The project is called the Cambodian Archaeological Lidar Initiative, and is a joint project between institutes in Cambodia and France. It’s led by Prof. Damien Evans of the University of Sydney. They did an earlier, smaller run in 2012. The survey itself was done by a Canadian company, McElhanney, which has done this kind of geographic information work all over the world since 1910, largely for forestry and mining interests. The lidar is a Leica ALS70 (now replaced by the ALS80, which has a faster peak pulse rate). It’s generally used for city surveys.
Well, finding lost cities is pretty cool. How can this be creepy? Hmmm, what else is hidden under forest canopies? Drug operations. Whether it’s marijuana farms in the Pacific Northwest or submarine construction in Columbia:

30 m sub seized by the Columbian army in 2011
It won’t be possible to hide things on the land any more. Not only can lidar see through trees, it can detect a camouflaged tank from its shape. Operations like the above will have to be done indoors or underground.
And airborne lidar is getting easier to do all the time. A Lincoln Labs spinoff in Massachusetts, 3DEO, has developed a much more sophisticated sensor than this Leica one using DARPA money. It can detect a single photon of infrared light using a circuit called an avalanche photo-diode, and measure the return time down to a nanosecond.
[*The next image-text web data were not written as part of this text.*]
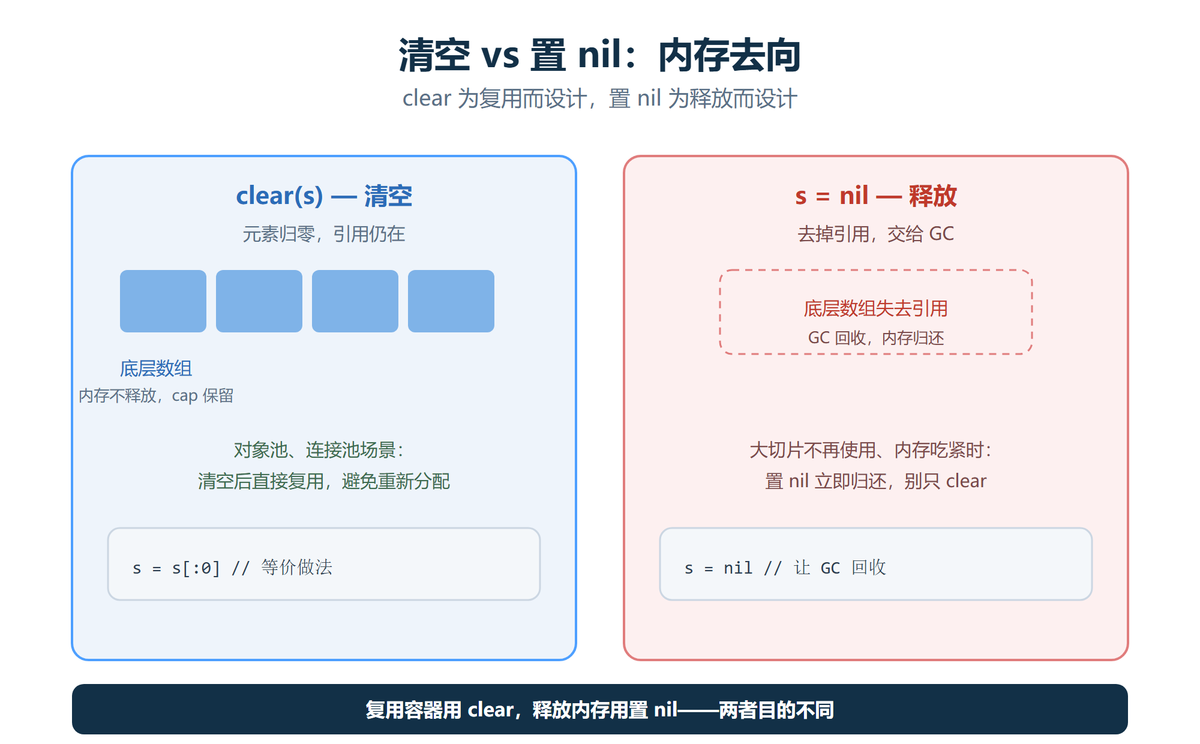 clear 清空与置 nil 的内存差异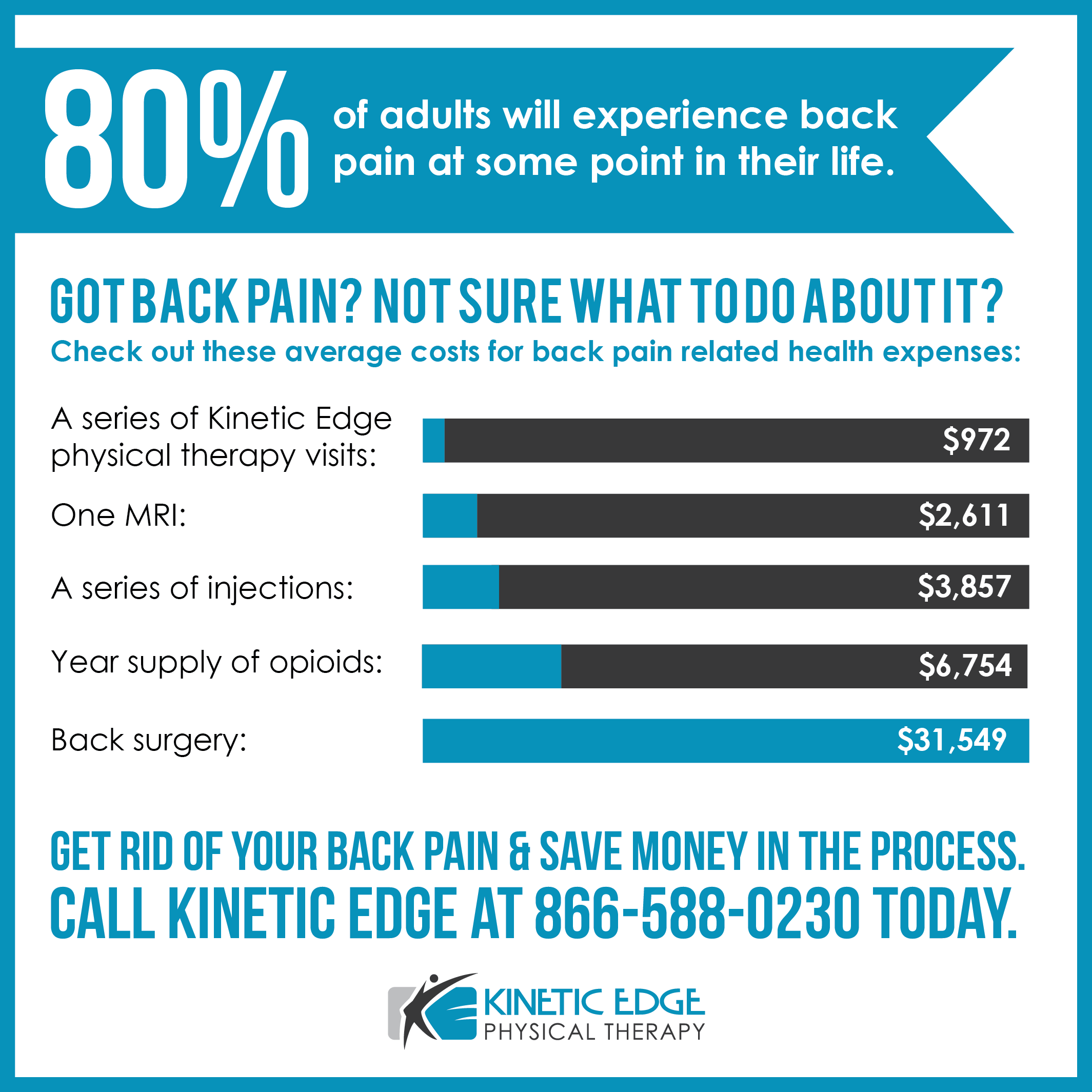 Breaking Down Past Life Therapy Cost: What to Expect to Pay?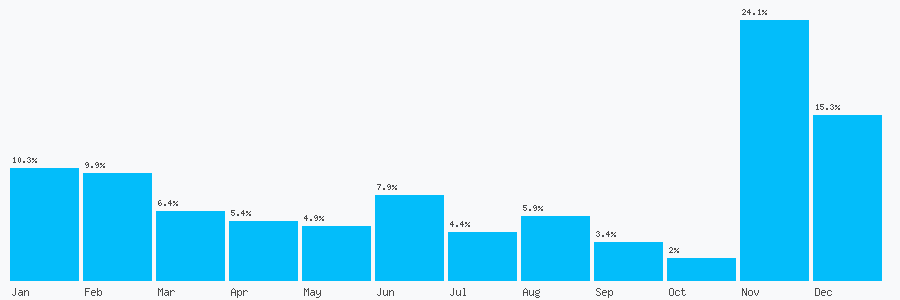 Number popularity chart 10491399692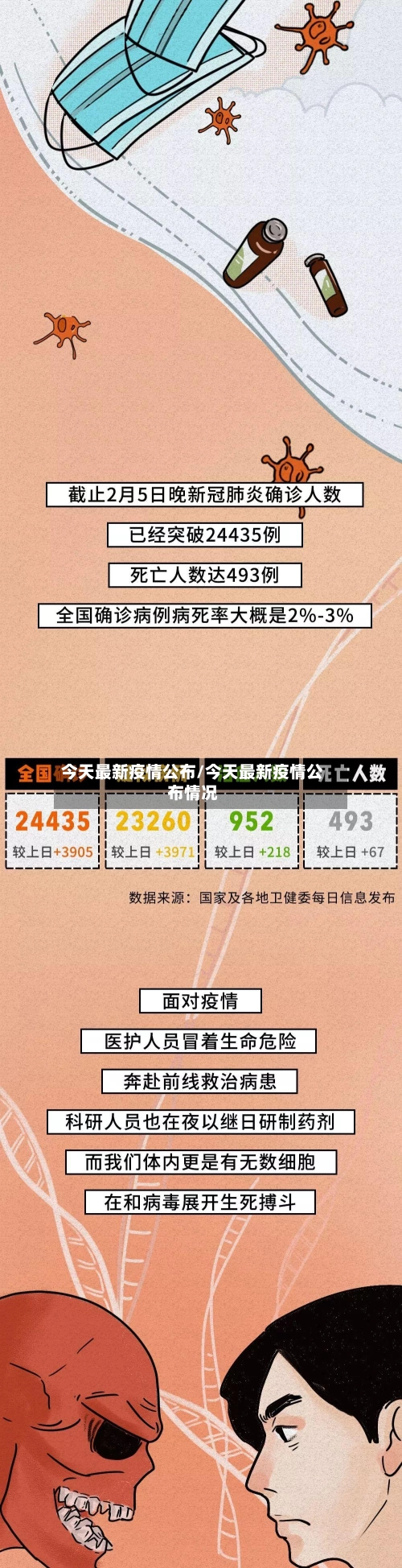 今天最新疫情公布/今天最新疫情公布情况-第2张图片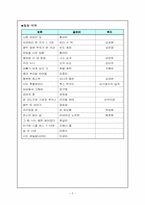 [아동문학독후감] `너도 하늘말나리야`를 읽고-5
It can do this for 4K pixels at once, and so can scan at a much higher rate than the Leica.
The size and power of the systems are also constantly improving. The Leica weighs 90 kg and takes 900W, and so needs to be on a real plane or helicopter. Cut these by a factor of 20 and they can go on a drone. The size reduction will be driven by use for automotive sensing, where lidar is a good complement to radar.
With cheap, fast scanning there are scads of other interesting things one could do. You could scan all the farms in a state every week to learn how crops are growing. The depth of the snow pack could be constantly measured over the entire Rockies, and the height of every lake. You could scan all the streets of a city every morning to find out where obstructions were in order to tell self-driving cars to avoid them. Count all the cars on a highway or in parking lots! Count all the sheep on a moor, or elephants on the veldt, or Taliban in Afghanistan!
Everything everywhere can now be tracked. Sound creepy? Sure, but it can be cool too.